Here's the key. I really want Pippin down there. I think there is great opportunity for him to explore and get some exorsise. Ya know, hop up and around on things and roll around in the dirt and pretend he's an outdoor cat even though he's an indoor cat. 

I also want him down there because I have had a rodent/animal problem in the walls as long as I remember. I'm pretty sure I've had everything in the house from chipmunks to squirrels to mice, and I'd love to know if even Pipin's presence is enough to deter the pests. I'd also love to see him hunting and doing natural cat/prowling/play stuff down there. You know, being a cat and not just a ball of fur that sleeps all day and plays with a toy on a string. I'm sure that's awefuly boring for him.

I got him to be my sweet cuddly fuzzy buddy in the first two months home from the shelter. Now I'm ready to let him become the natural bad-ass hunter that I'm sure he is.

So what do you guys think? Is it safe? Should I let him go down there and expel some energy?


----------



## Marcia (Dec 26, 2010)

AaronR1074 said:


> I also want him down there because I have had a rodent/animal problem in the walls as long as I remember. I'm pretty sure I've had everything in the house from chipmunks to squirrels to mice, and I'd love to know if even Pipin's presence is enough to deter the pests. I'd also love to see him hunting and doing natural cat/prowling/play stuff down there. You know, being a cat and not just a ball of fur that sleeps all day and plays with a toy on a string. I'm sure that's awefuly boring for him.
> 
> I got him to be my sweet cuddly fuzzy buddy in the first two months home from the shelter. Now I'm ready to let him become the natural bad-ass hunter that I'm sure he is.

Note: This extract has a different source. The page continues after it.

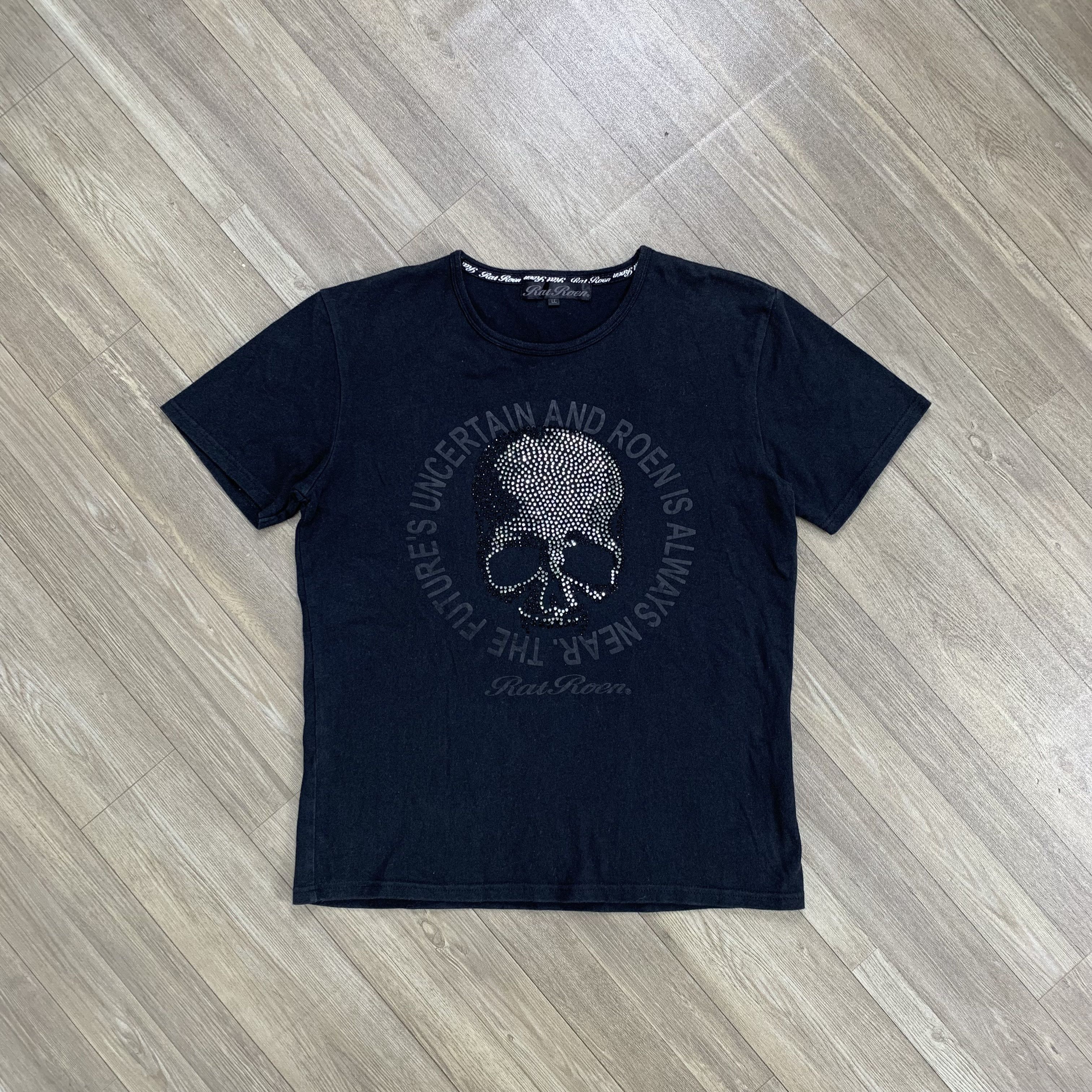 2000’s Rat Roen Skull Tee Punk Gothic LGB Style
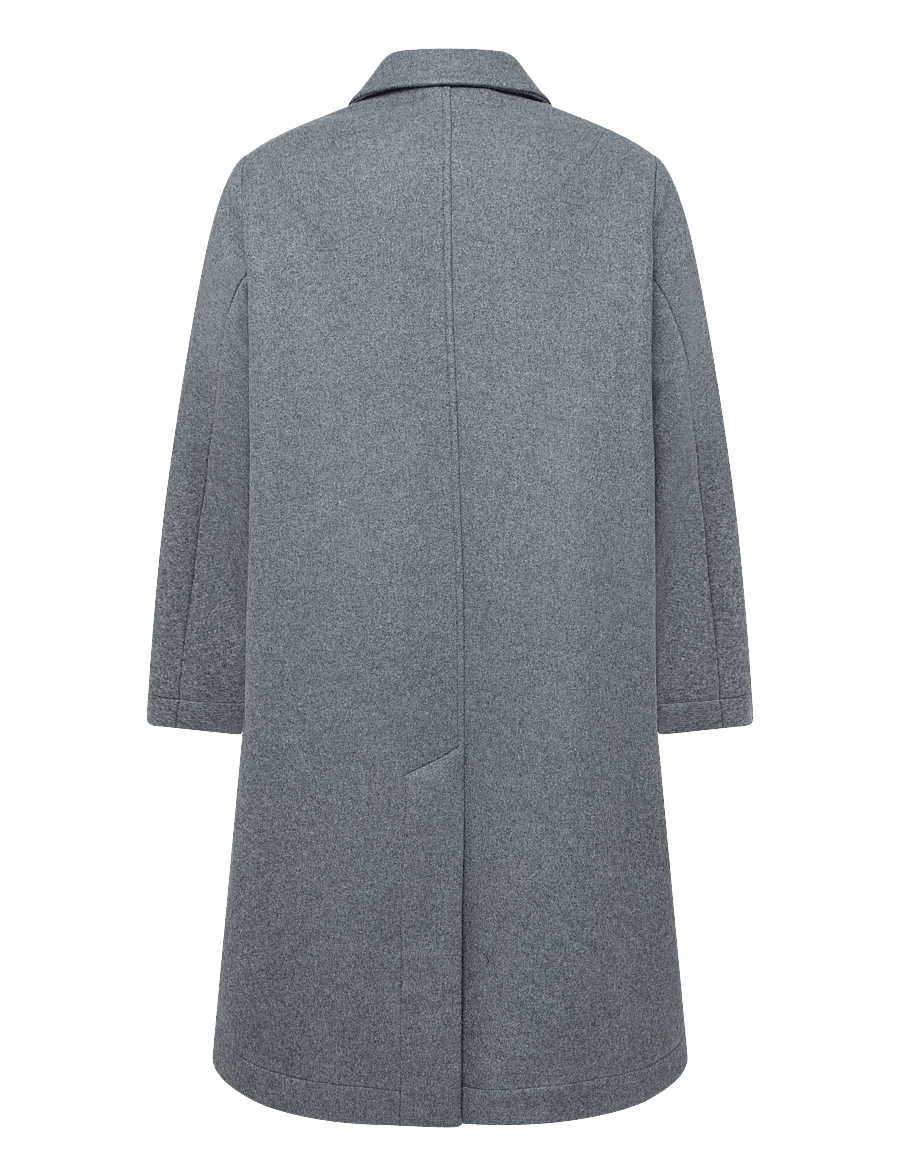 Annarr - ANRFREY WOOL OVERCOAT - ullrockar - grey melange - 2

I would ask myself these questions:
Am I willing for him to get bit by a rabid rat or mouse?
Am I willing for him to step on a piece of broken glass or a rusty bit of nail. 
Would I let my adventurous, curious child play down there?
Do you want a live mouse brought to you as a gift in the middle of the night. 

If any or all of these things appeal to you then let him have at it!
When we lived in Sicily I adopted Annie. With no screens on the windows, it was impossible to keep her confined during the day so I didn't try. She would catch birds and mice and bring them into the bathroom and tear them to shreds. We would come home from work to carnage - feathers and guts all over the bathroom. yuck. no thanks.


----------



## catloverami (Jul 5, 2010)

First of all I would do a safety check....make sure there are no holes in the foundation or walls that the cat could squeeze into and get stuck. And you'd be amazing how small a hole that can be, maybe 2-1/2 in. in diameter. I would make sure there's nothing that's breakable in the way of glass, or bottles that can get tipped over or broken.....think of your cat as a 2 y.o. child and would you feel safe letting a child roam around there. Any liquids if tipped over and leaked that could be harmful, like anti-freeze which is poisonous to cats. It can be all right and fun for your cat and give him some added exercise if he's an indoor cat, but make sure it's safe for him first.


----------